**WHAT THE TASK REQUIRES**
Begin at the line containing "図6 進展型小細胞肺がんの患者さん事例" and retype each line through the end of the records exactly. Include nothing else and no pictures.

┌─ SOURCE RECORDS

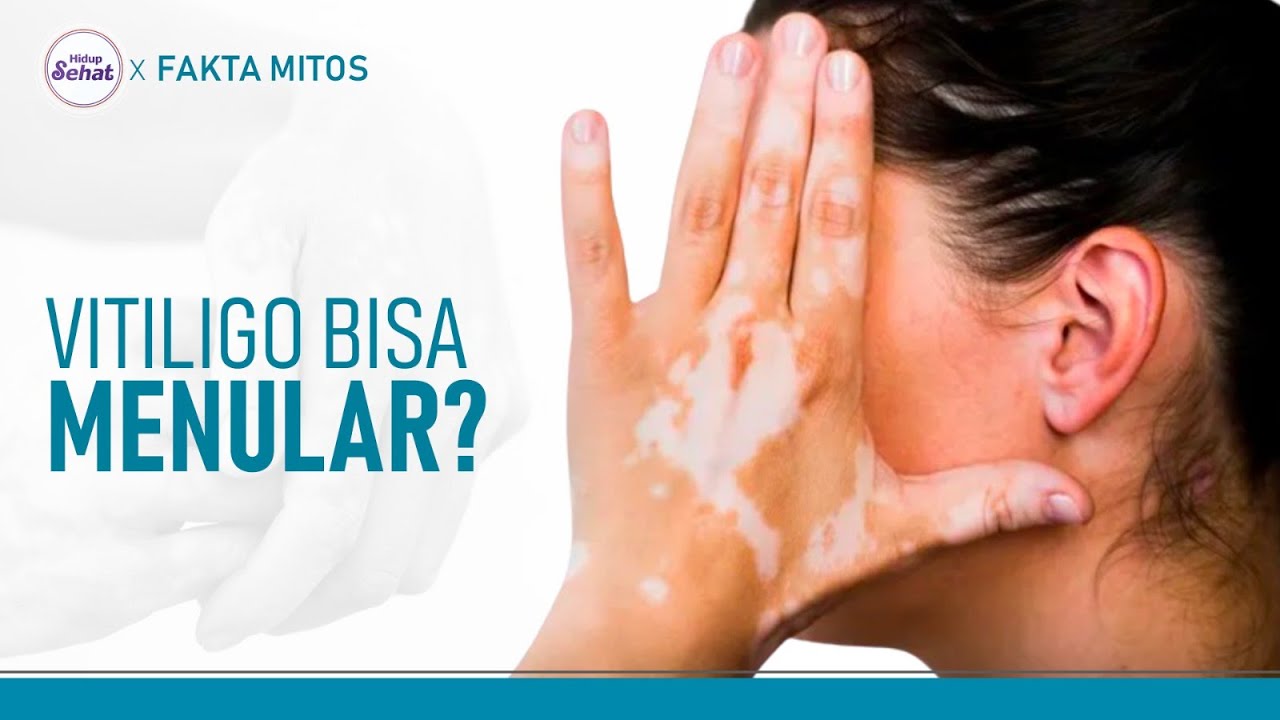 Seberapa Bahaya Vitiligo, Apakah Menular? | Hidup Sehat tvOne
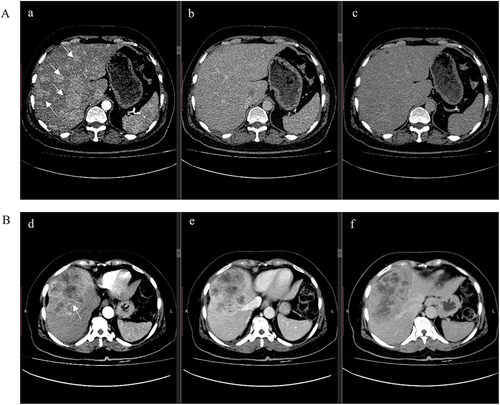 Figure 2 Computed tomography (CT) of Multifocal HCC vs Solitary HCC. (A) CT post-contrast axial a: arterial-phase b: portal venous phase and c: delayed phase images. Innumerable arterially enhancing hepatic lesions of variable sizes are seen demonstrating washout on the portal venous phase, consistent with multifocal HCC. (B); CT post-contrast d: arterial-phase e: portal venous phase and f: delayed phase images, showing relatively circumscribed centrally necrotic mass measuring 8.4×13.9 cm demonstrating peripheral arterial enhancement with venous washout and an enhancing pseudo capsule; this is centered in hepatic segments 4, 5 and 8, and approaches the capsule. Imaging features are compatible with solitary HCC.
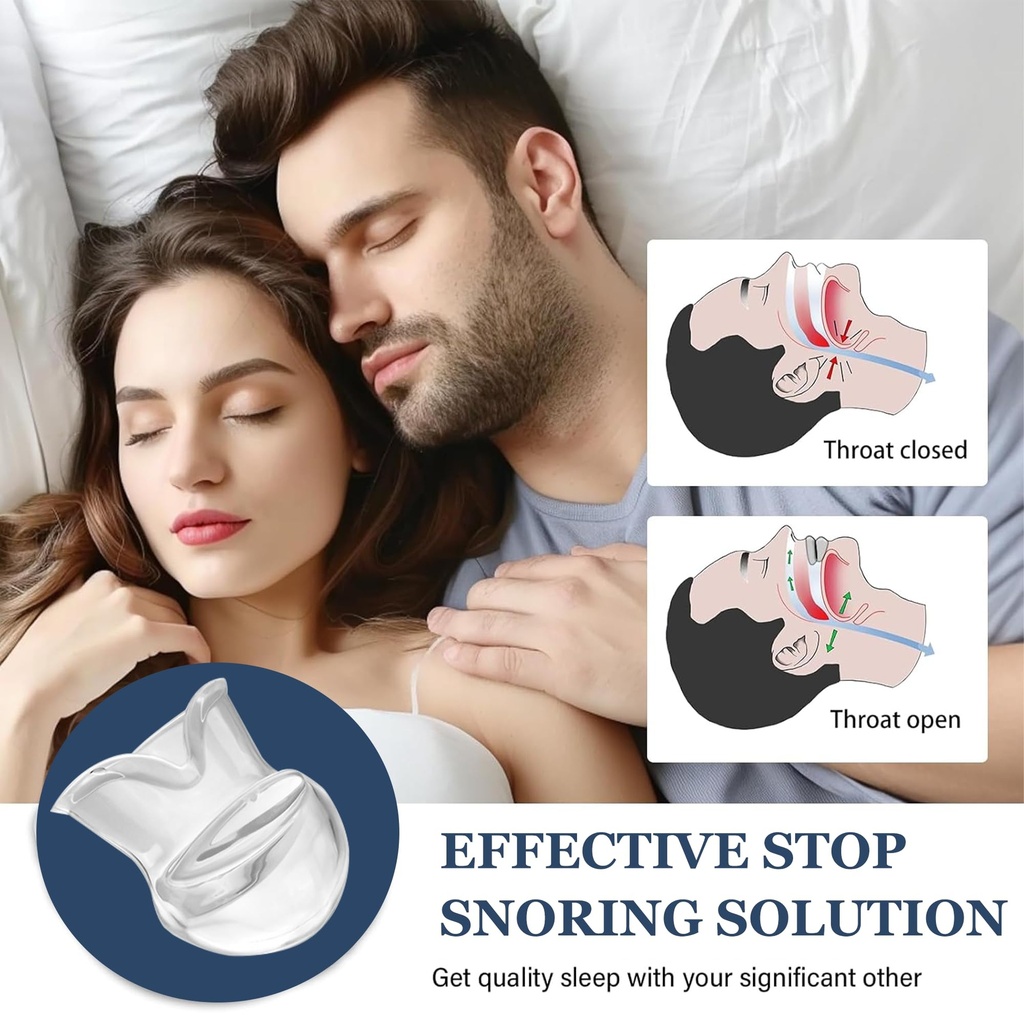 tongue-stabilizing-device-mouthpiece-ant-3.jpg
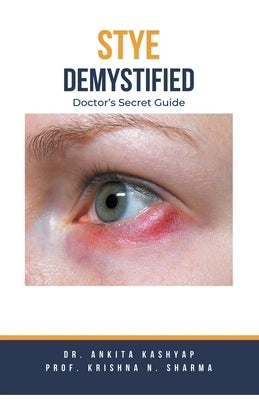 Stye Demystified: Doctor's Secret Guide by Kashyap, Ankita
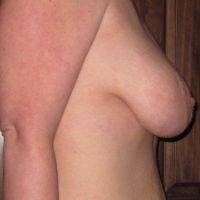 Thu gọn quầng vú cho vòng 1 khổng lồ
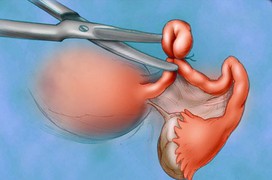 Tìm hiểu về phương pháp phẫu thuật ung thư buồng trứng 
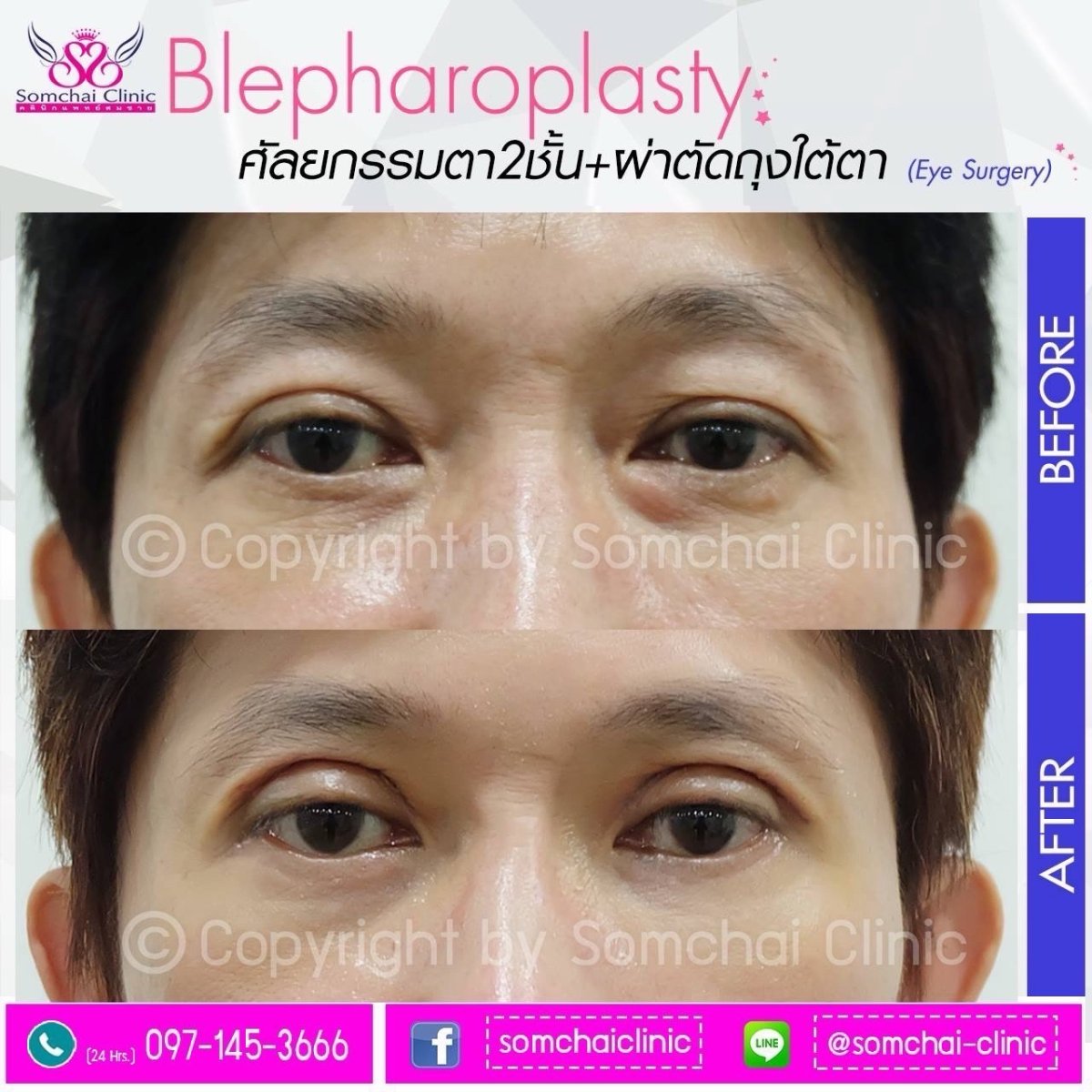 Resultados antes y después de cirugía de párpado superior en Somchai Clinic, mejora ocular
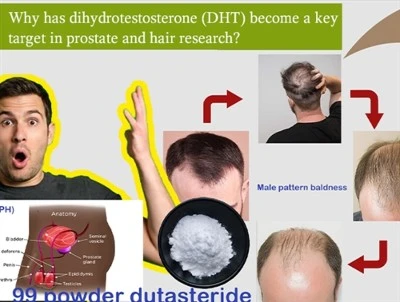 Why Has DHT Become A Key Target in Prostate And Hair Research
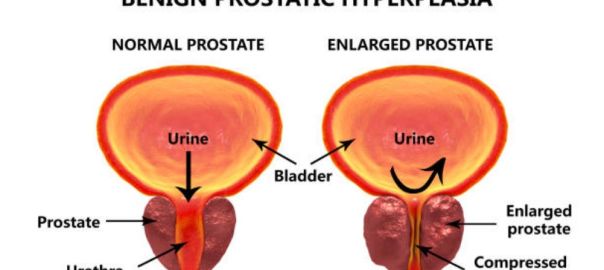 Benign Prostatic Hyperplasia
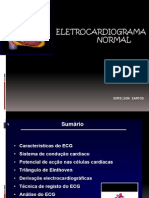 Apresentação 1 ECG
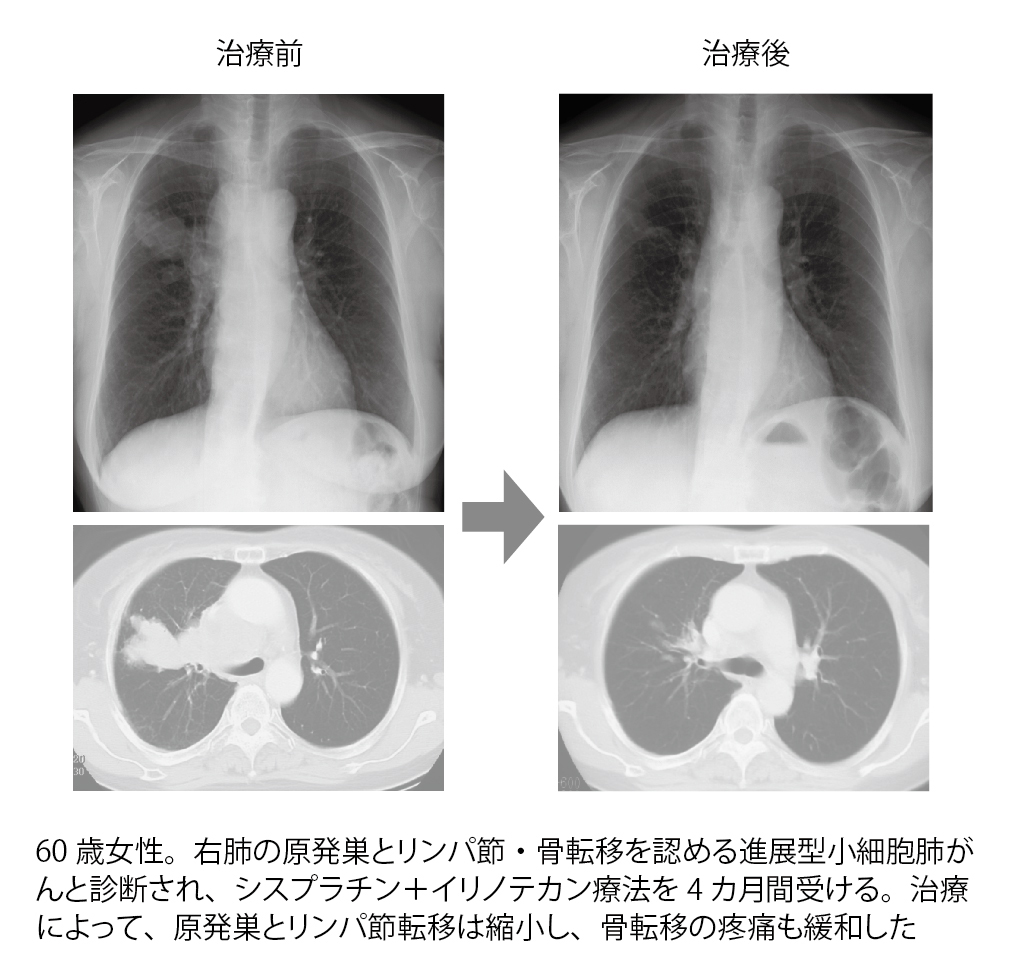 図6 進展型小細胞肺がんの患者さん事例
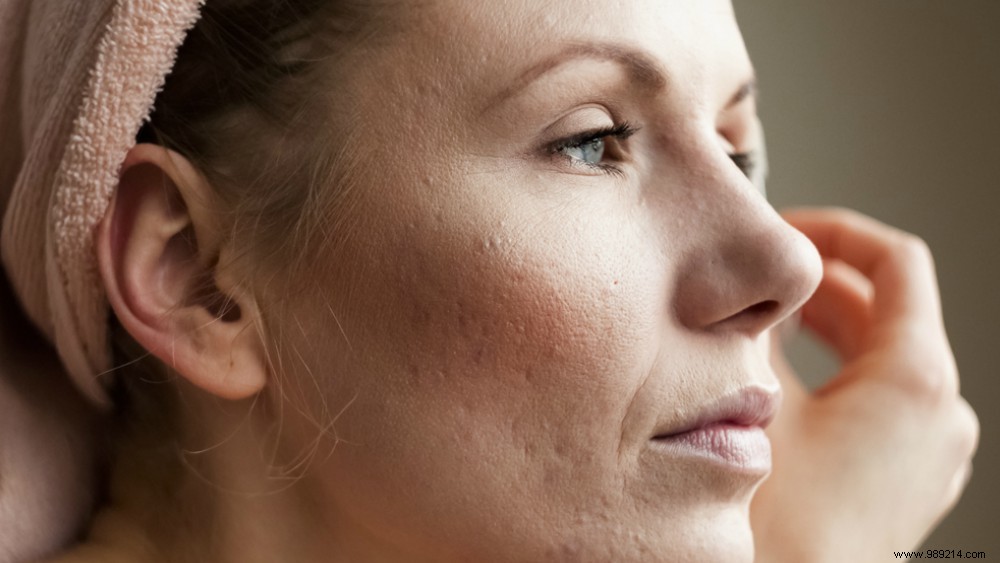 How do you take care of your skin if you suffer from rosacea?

└─

**RESPONSE TO THE TASK**
 図6 進展型小細胞肺がんの患者さん事例
 How do you take care of your skin if you suffer from rosacea?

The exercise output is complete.